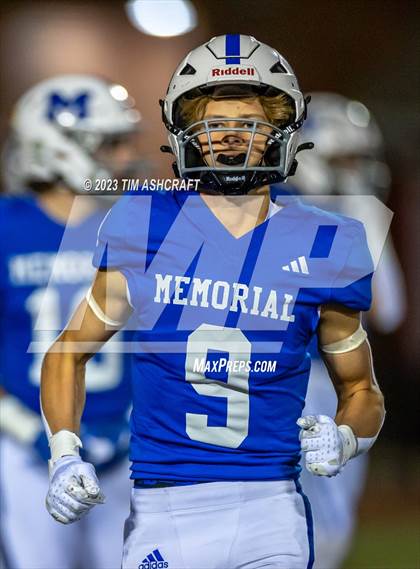Thumbnail 3 in East Central @ Evansville Memorial (IHSAA 4A Regional Final) photogallery.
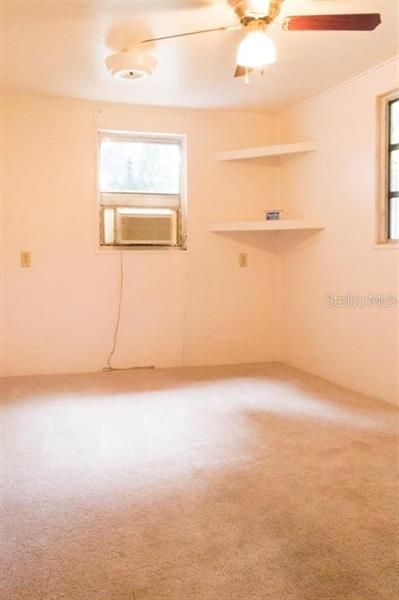 Recently Sold: $39,000 (2 beds, 1 baths, 885 Square Feet)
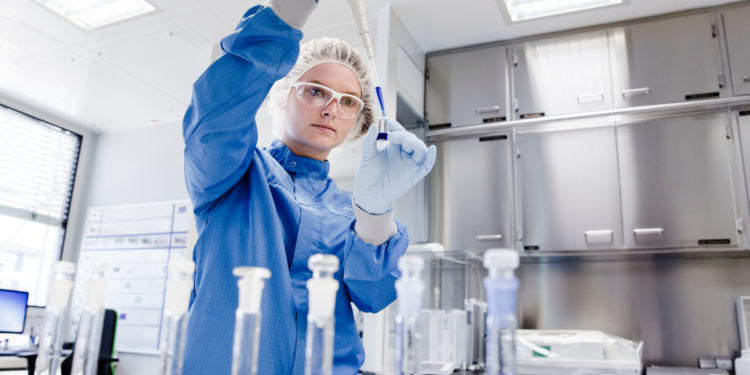 Expertise da UFG em Inteligência Artificial pode trazer avanço de ‘décadas em anos’, avalia polo farmacêutico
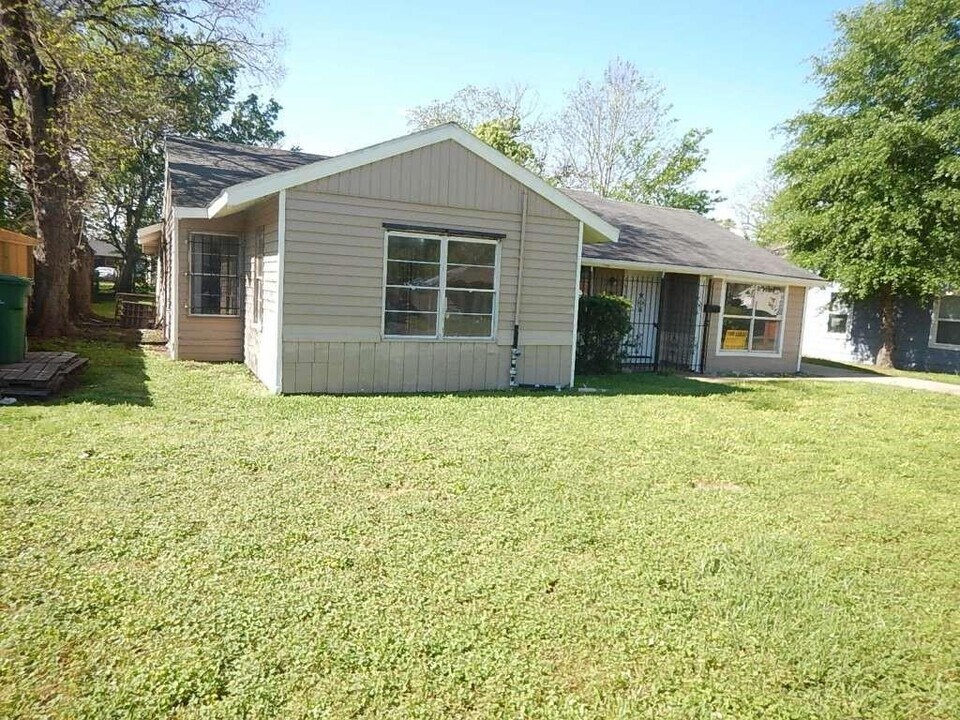 3614 Cosby St in Houston, TX - Building Photo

#####

WHAT IS NEEDED: Repeat the listing in full and to the letter, excluding every image.

ANSWER SPACE:
Thumbnail 3 in East Central @ Evansville Memorial (IHSAA 4A Regional Final) photogallery.
 Recently Sold: $39,000 (2 beds, 1 baths, 885 Square Feet)
 Expertise da UFG em Inteligência Artificial pode trazer avanço de ‘décadas em anos’, avalia polo farmacêutico
 3614 Cosby St in Houston, TX - Building Photo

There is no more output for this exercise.